Student Austin Durbin, pictured at left, and paraprofessional Letty Penzing engage in an e-learning session as coordinated by teacher Nancy Miles during Holyoke’s online schooling.
E-learning builds relationships in ESL, special education
Parents, students and staff embraced a whole lot of learning beyond classroom topics in the e-learning world of English as a second language and special education as reported by teachers and paraprofessionals at the May 19 Holyoke School Board Zoom meeting.
Beyond actually connecting with their students during the virtual learning setting the past couple of months, ESL and special education staff valued strongly the relationships built with parents in this endeavor.
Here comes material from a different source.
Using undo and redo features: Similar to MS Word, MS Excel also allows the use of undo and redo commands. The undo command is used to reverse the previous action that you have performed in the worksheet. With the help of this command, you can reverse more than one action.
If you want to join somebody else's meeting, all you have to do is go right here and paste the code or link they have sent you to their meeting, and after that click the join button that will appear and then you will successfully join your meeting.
Nancy Miles, resource teacher at Holyoke JR/SR High, emphasized the importance of working with families of her special needs students because their help and support during the virtual learning time was vital.
She reported that parents enjoyed watching their child in the virtual classroom setting because they saw them do things they didn’t realize they were able to do.
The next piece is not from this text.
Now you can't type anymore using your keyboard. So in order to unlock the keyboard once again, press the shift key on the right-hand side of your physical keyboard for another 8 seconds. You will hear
Likewise, Miles said she benefitted from seeing students in their home environments as it gave her ideas for future classroom activity.
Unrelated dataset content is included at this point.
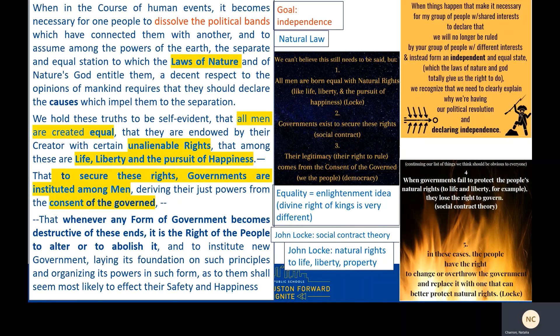The Declaration of Independence reads: 'When in the course of human events, it becomes necessary for one people to dissolve the political bands which have connected them with another, and to assume among the powers of the earth the separate and equal station to which the laws of nature and nature's God entitled them, a decent respect to the opinions of mankind requires that they should declare the causes which impel them to the separation.' In other words: when it becomes necessary for our group to declare independence and form an equal state — which the laws of nature give us the right to do — we recognize we need to clearly explain why. You can see the goal of independence and the concept of natural law already in that first paragraph.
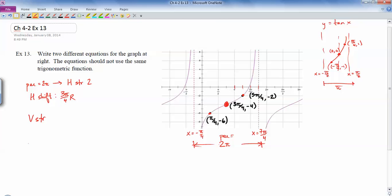Now for the vertical stretch — normally we go up one and down one to get the important points, but here it's up two and down two, so that's a vertical stretch of 2. For the vertical shift, the line y equals 0 moved to y equals negative 4, so that's a vertical shift of 4 units down.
Initially, parents had to be taught to use the technology. “We’ve all learned a lot,” Miles acknowledged, noting that sharing experiences through distance learning helped enhance relationships among parents, students, teachers and paraprofessionals.
Holyoke JR/SR High Principal Shane Walkinshaw said he was initially worried what online learning would look like for special needs students, and he praised Miles and staff for the great job.
Superintendent Kyle Stumpf joined one of Miles’ virtual classes in early April and said he was impressed with what students were doing on their own. “The sheer joy they displayed in getting to see each other and interact with each other was really powerful,” Stumpf added.
Miles said they loved having Stumpf join their class and were still talking about it weeks later.
ESL staff makes impact with translation and interpretation
The K-6 ESL online learning report was given by teachers Yesenia Bencomo and Cecilia Marquez, as well as paraprofessionals Christy Shafer and Aydaly Juarez.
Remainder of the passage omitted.